Caro : Pour cela, il faut parfois trouver une forme nouvelle pour le texte de théâtre. La pièce de Tchékhov que vous avez vue a été traduite et actualisée par Clément Camar-Mercier. Par exemple, dans le texte initial, il est écrit que ça sent « le soufre », et pour réaliser cela, les acteurs se sont servis des pétards, qui n’étaient pas utilisés dans la pièce de Tchékhov. Pour prendre un autre exemple, la raison pour laquelle les personnages fument est que certaines fois les personnages de Tchékhov doivent priser du tabac à des moments bien précis. La cigarette, comme les costumes, les accessoires étaient un moyen pour nous d’adapter la pièce à notre public. Le metteur en scène voulait ainsi que le public ressente certaines impressions uniques qu’on ne pourrait pas retrouver dans une représentation classique : l’utilisation de l’odorat et du toucher, qui sont considérés par le théâtre classique comme des sens vulgaires, ainsi que la disposition en quadrifrontale ont permis de mieux retenir l’attention du spectateur.
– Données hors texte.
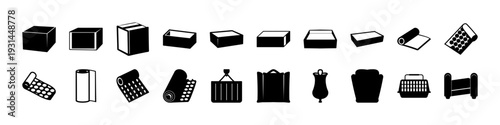 Retail Store and Shopping Bag Silhouette Icon Set - Black silhouette icon collection featuring retail stores, shopping bags, display stands, and commercial buildings for ecommerce and shopping concept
« Pourquoi avoir fait répéter quelques lignes du texte de Tchékhov aux spectateurs ? »

Caro : Nous avons demandé également aux spectateurs de se tenir la main en répétant ces mots. Lors de certaines représentations les spectateurs n’ont pas voulu le faire. Certains n’ont pas même voulu prononcer les phrases du texte. En abattant le quatrième mur, en sollicitant tous les sens du spectateur, en modifiant les jeux de scène, la lumière, le décor…, nous créons les conditions pour que le public communie davantage avec les personnages et l’action de la pièce. La répétition de ces quelques lignes participe du même désir de créer une nouvelle forme de théâtre, alors que tout a presque déjà été exploré, et permet de créer quelque chose de magique chez les spectateurs qui deviennent acteurs à leur tour. Acteurs et spectateurs se retrouvent alors au même niveau que les personnages et communient ensemble à travers le texte dans le jeu théâtral. Il s’agit en fait d’une véritable incantation.

« C’est plus difficile de jouer sans le quatrième mur ? »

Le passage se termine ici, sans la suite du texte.